Comrades, the grave crisis in our Party life is dragging on and on, and no end is in sight. The strife keeps growing, breeding dispute after dispute, and the Party’s positive work all along the line is hampered by it to the utmost. The energies of the Party, still young and not yet consolidated, are being grievously dissipated.

Yet the present historical juncture makes vast demands on the Party, vaster than ever before. The revolutionary unrest among the working class is growing, and so is the ferment among other sections of society; the war and crisis, starvation and unemployment are with elemental and inevitable force undermining the foundations of the autocracy. A shameful end to the shameful war is not far off; and it is bound to heighten the revolutionary unrest still more, it is bound to bring the working class face to face with its enemies, and it will require of the Social-Democrats tremendous effort, a colossal exertion of energy to organise the last decisive fight against the autocracy.

Is our Party equal to these demands in its present condition? Every honest man will unhesitatingly answer: No!

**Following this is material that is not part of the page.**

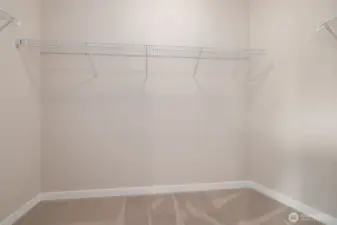Walk-in closet off of primary bedroom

The unity of the Party has been deeply undermined, its internal struggle has gone beyond all party bounds. Organised discipline has been shaken to its very foundations, and   the Party’s capacity for harmonious and united action is fading into a mere dream.

Nonetheless, we regard the Party’s sickness as a matter of growing pains. We consider that the underlying cause of the crisis is the transition from, the circle form to party forms of the life of Social-Democracy; the essence of its internal struggle is a conflict between the circle spirit and the party spirit. And, consequently, only by shaking off this sickness can our Party become a real party.

Under the name of the Party “minority” there have united a variety of elements who are linked by a conscious or unconscious desire to preserve circle relationships, pre-party forms of organisation.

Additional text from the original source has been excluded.